Penelopepiscopal said...

So much of this resonates with me. The fact that you are aware of what could happen will serve you well; your awareness will prompt you to keep your boundaries.

Unknown said...

Jean, I very much imagine that at the point when you stop formally ministering, and even if you opted to camp out under the High Altar, that you couldn't be such a poor force as 'Rev Retired'. I am aware of a rule of etiquette that directs that an outgoing cleric moves from the parish for the duration of their successors tenure. We had one such vicar and wife combo, and they did just that - and returned after that time. Cleric died but wife is now a significant force for good in that parish where her husband had previously ministered.

Equally, I have seen what you have detailed. My mum is a warden in a parish where the last geezer had to be told in fairly strong terms to 'sod off'. He finally did.

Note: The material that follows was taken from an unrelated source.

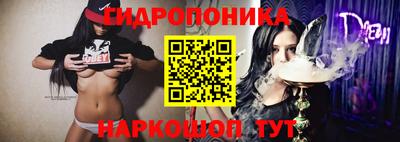 стафф Партизанск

As a last thought, (and from one now planning to move), that to remain in a geographic location would be advantageous and alluring even - but for anyone else except an outgoing priest. We are, during our time, the holders of the 'pastoral knowledge', but in the end merely travellers on the road - needing to move on. To retire would have to mean to move too or else you just end up being the unpaid, unvalidated vestige of a ministry that has no strength or discernment to end.

None of the above could or would apply to you; of that I am pretty sure!!!